Nonwoven applications were listed: fibrefill, crop covers, geotextiles, wipes, hygiene, medical, diapers and binder fibres.
Clearly PLA can be manufactured with a range of properties, if only because the lactic acid, being chiral and with two asymmetry centres exists in four different forms. It also appears to have the properties required to meet our biodegradable diaper requirements, being easily converted into film, fibre, spunbond and meltblown products on existing extrusion equipment.
However the new 140,000 tonne polymer plant is said to be costing $300 million so whether or not the polymer can be produced down to a price that would guarantee success, i.e. <50 c/lb (similar to PP and PET resin prices) remains to be seen.
Several other producers are active. At Index 99, NKK (Japan) showed a PLA spunbond nonwoven at 15 gsm with apparently excellent formation and properties. Kuraray (Japan) showed PLA fibres and provided some data on their properties and biodegradation rates. PLA polymer is made in Japan by Mitsui Toatsu (under the Lacea brandname; unlike CDP, MT process polymerises the lactic acid direct from the monomer), Toyobo, Dai-Nippon Ink Chemicals, Showa Polymers and Shimadzu Corp.
Biodegradable Fibre Properties
A comparison of readily available published data is provided in the Table below.
|Melting Point (°C)
|Moisture Regain (%)
||0.4 - 0.6
On the information currently available, PLA looks like an excellent fibre with the right technical credentials to replace polypropylene in nonwovens. As noted by Carothers, the melting point still appears too low for it to challenge the supremacy of aromatic polyester in mainstream textiles.

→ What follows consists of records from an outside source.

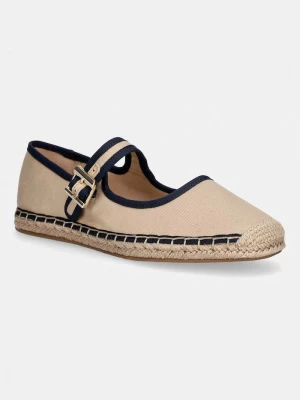 Obrázek produktu Tommy Hilfiger espadrily dámské BUCKLE MARYJANE ESPADRILLE béžová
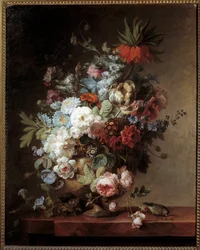 Still Life with Flowers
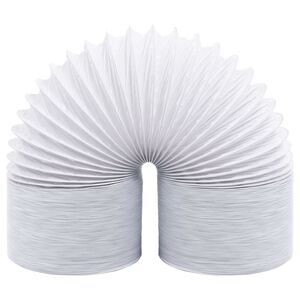 vidaXL Ventilačn&eacute; potrubie PVC 6 m 12,5 cm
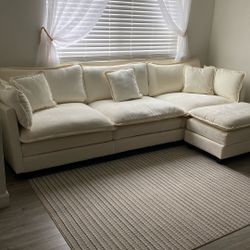 Beige Couch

Other Biodegradable Synthetics
Monsanto's BIOPOL (originally developed by ICI-Zeneca (9), who planned a 10,000 tpa plant in 1987) was based on a random copolymer of 3-hydroxybutyrate and 3-hydroxyvalerate made by bacterial fermentation. It was sold for around $15/kg for speciality products and was expected to appear in fibre form at a much lower price. At Index 99 Monsanto was said to have stopped the project in Jan 1999. However their press release in October 99 notes (10) that direct production of PHBV and other poly(hydroxyalkanoates) in plants, the latter said to be viable alternatives to expensive fermentation processes.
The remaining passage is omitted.